Contractors with 50 or more employees will have to provide health insurance under the health care reform law; those with fewer than 50 employees would be exempt.
While the requirement in the new health care reform law for employers to provide health insurance won’t apply to most contractors, the largest companies will have to provide insurance for their employees, the Journal of Commerce-Oregon reports. And they’ll be bidding on some projects against companies who don’t have to.
Sen. Jeff Merkley, D-Ore., had attached an amendment to the bill that would have required contractors with five or more employees and payrolls of more than $250,000 to provide health coverage. That amendment didn’t survive the reconciliation process between Senate and House versions of the bill.

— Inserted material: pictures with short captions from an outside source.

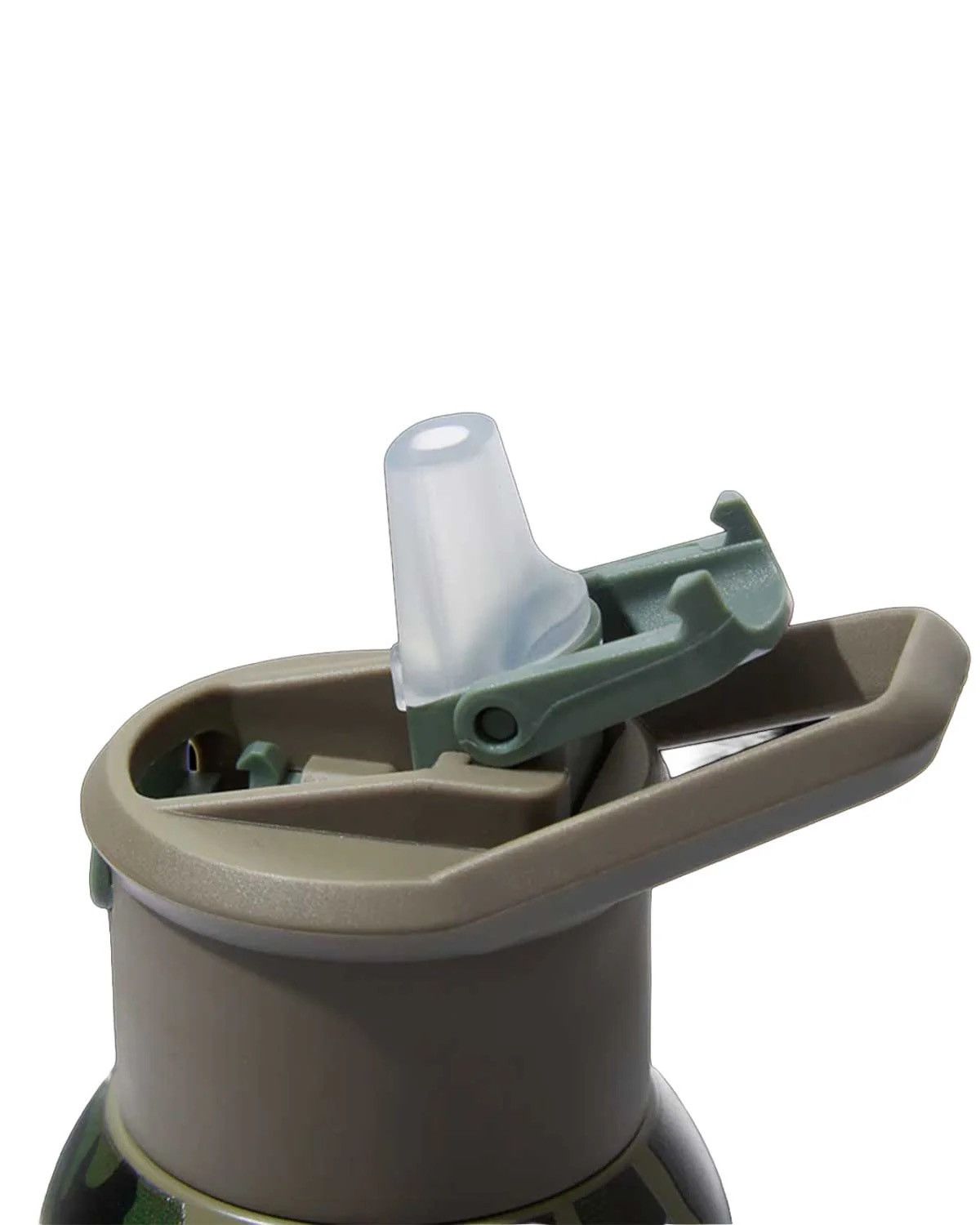 The GV Gallery GV Gallery Water Bottle Size ONE SIZE - 7 Thumbnail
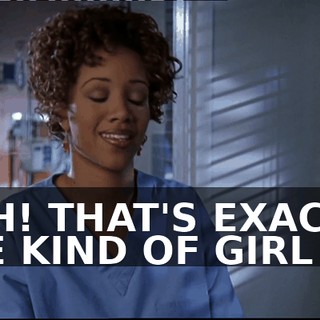 91fb7a3f-2a68-47e9-b95f-709a59805639.gif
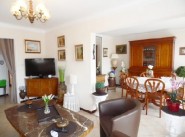 Acquisto vendita appartamento Bastia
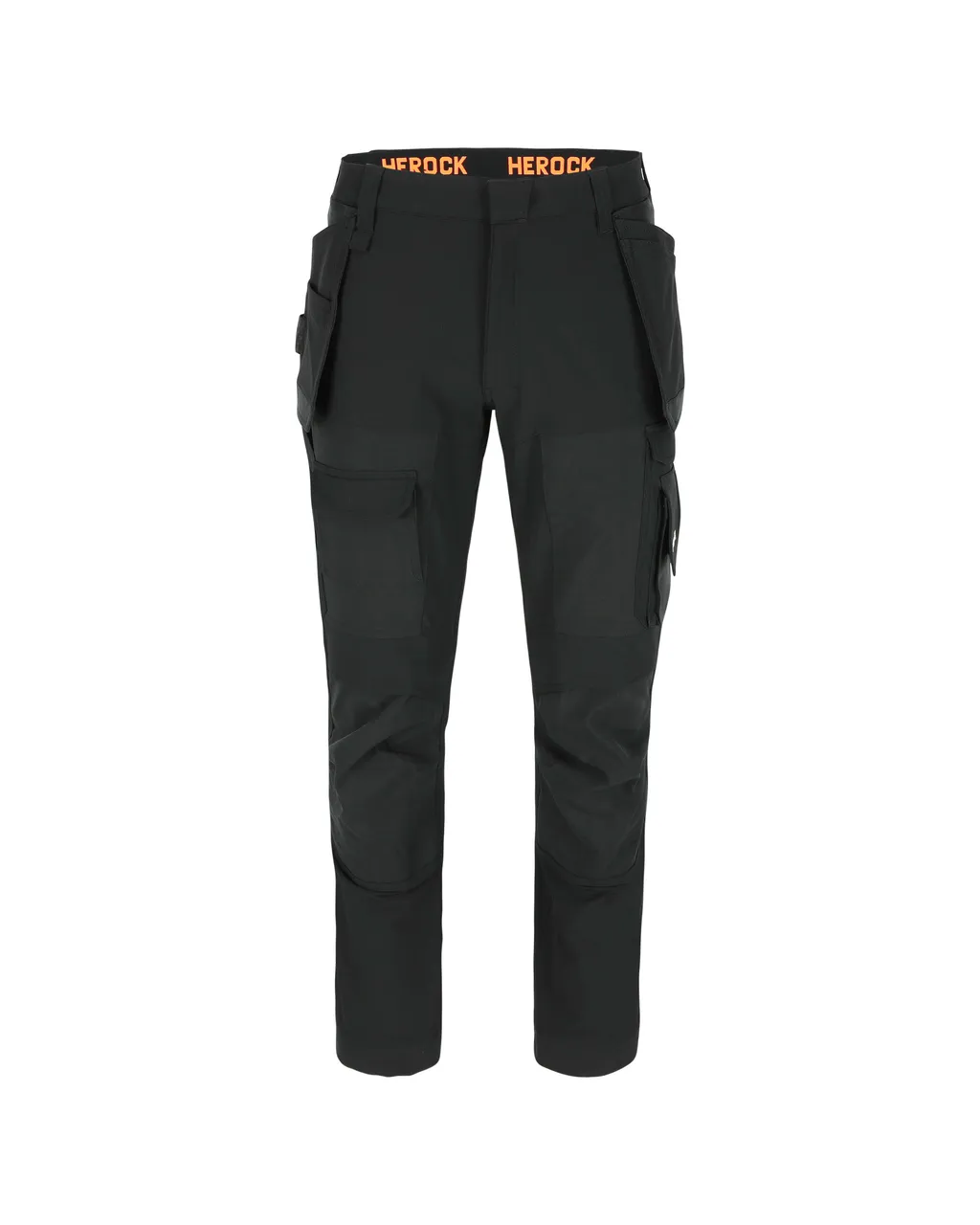 SHORTLEG SPARO PANTALON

As it stands, only companies with 50 or more employees will have to provide insurance. That applies mostly to the largest contractors. If the new law spurs companies below the 50-employee mark to drop their health care benefits, that could affect competition.
Brian Turmail, spokesman for the Associated General Contractors of America, said it’s hard to imagine droves of medium-to-large contractors dropping their health benefits because their larger competitors now can’t do the same in response. “That’s a bit of a red herring,” he said.
“If you cut benefits, you cut your ability to perform as a company,” Turmail said. “Everyone has the same construction equipment. There’s no secret front-end loader that’s going to beat out the competition.
“Where you’re going to compete is on the strength of your employees.”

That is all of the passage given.